The next step is to get the DL to the server. My solution needed
to consider first the user's current skills and second the
tools available to me (Sendmail, Perl, sed, awk, grep,
etc.). The simplest solution was to email the DL list, manually,
in the body of an Outlook message. This employs both something the
user already knows and leaves the rest of the work for the back-end
tools.
The process for a user to send an update over to the server is
as follows:
1. Save the distribution list as a text file
2. "Insert as text" into the body of an email message
3. Send the message to the update list alias
This system gets me two things:
1. Delegation -- The list transmitted to the mail server without
adding any overhead to me
2. Decentralized Management -- A method to update the list
whenever the "list maintainer" wants to do so
3. Centralized Data -- Multiple people can use the same lists
People who work with dealer/customer email have their own lists,
so I didn't have to worry about multiple people updating the
same list. It's a small advantage to be able to access another
person's DL. Previously, you would have to forward the DL to
another Outlook user and then worry about how old the recipient's
copy of the list was.
A Bit About Mail Aliases
At the core of most list-processing packages is an email alias
that points to a file that contains all the email addresses for
that list. In Sendmail, the /etc/aliases file holds the aliases.

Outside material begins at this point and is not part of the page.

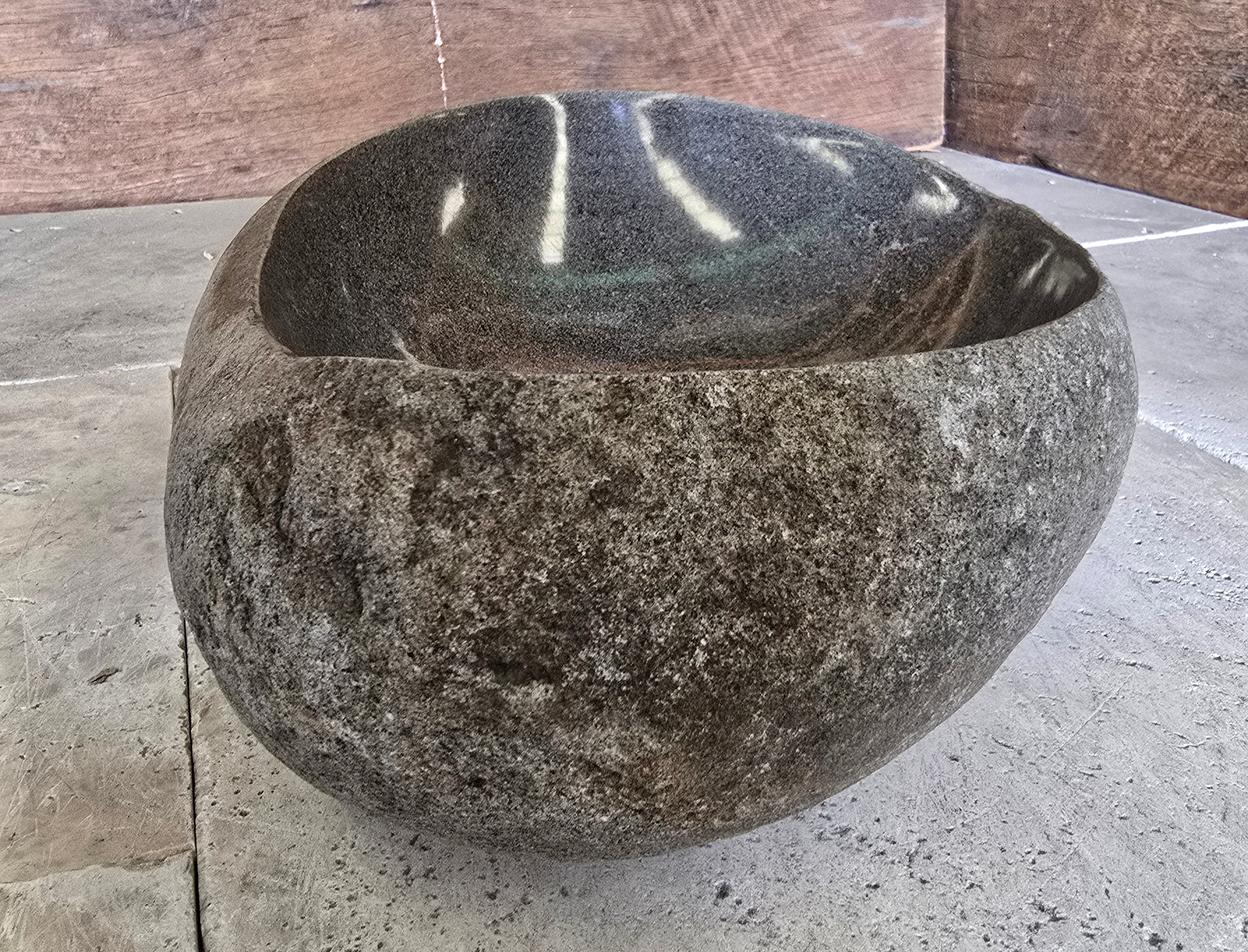 Handmade Natural Oval River Stone  Bathroom Basin  RVS 2409082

The basic form of an alias is:
alias: other email address
e.g. admin: davin@foobar.net
There are two special forms of an alias: one for lists, one to pass
the message through an external program. Both lists are necessary
to make the mail work.
list-alias: ":include:/path/to/some/list-file"
program-alias: "|/path/to/some/program"
After modifying the /etc/aliases, run the newaliases
command to force Sendmail to re-read the /etc/aliases file.
The format of a list-file is one email address per line. newaliases
does not need to run after a list has been updated. When Sendmail
passes an email message to the program-alias, it sends the whole
message, mail headers included, to the program on STDIN.
listmaker.pl
The first hurdle to overcome is re-formatting the text DL into
a list file. I chose Perl to do the task, but I could have chosen
sed and maybe even grep. The script, called listmaker.pl,
is fairly straightforward (see Listing 1). It takes a file on STDIN
and sends the output to STDOUT. Basically, the script chops the
end of line off the input string, skips blank lines, skips lines
without email addresses, and skips email header lines. If it passes
those tests, it grabs the email address and prints it to STDOUT.
The last line is for debugging and testing.
The regular expression that collects the email address uses .+,
the not-so-greedy version of .*. This prevents too much of
the input string from getting sucked up by the regular expression.
The \W is a Perlism for "any whitespace". The parentheses
are a regex meta-character that create a group around the characters
that make up the email address. After starting with some more complicated
expressions, and not getting the desired result, I consulted a friend
to help figure this out. One of his Perl books happened to have
a regex for this very thing. The potential problem with the regex
is that the email must be at the end of the line.
The command line usage of the script is:
listmaker.pl <infile >outfile
If you prefer pipes:
cat infile | listmaker.pl > outfile
Since the script itself does not contain the filename to send the
output to, it can be used for any number of lists. I chose to store
the lists in the directory /etc/mail/lists. Since Sendmail
under Red Hat runs as user/group mail/mail, the /etc/mail/lists
directory must be mode 755, owned by the mail user and mail group.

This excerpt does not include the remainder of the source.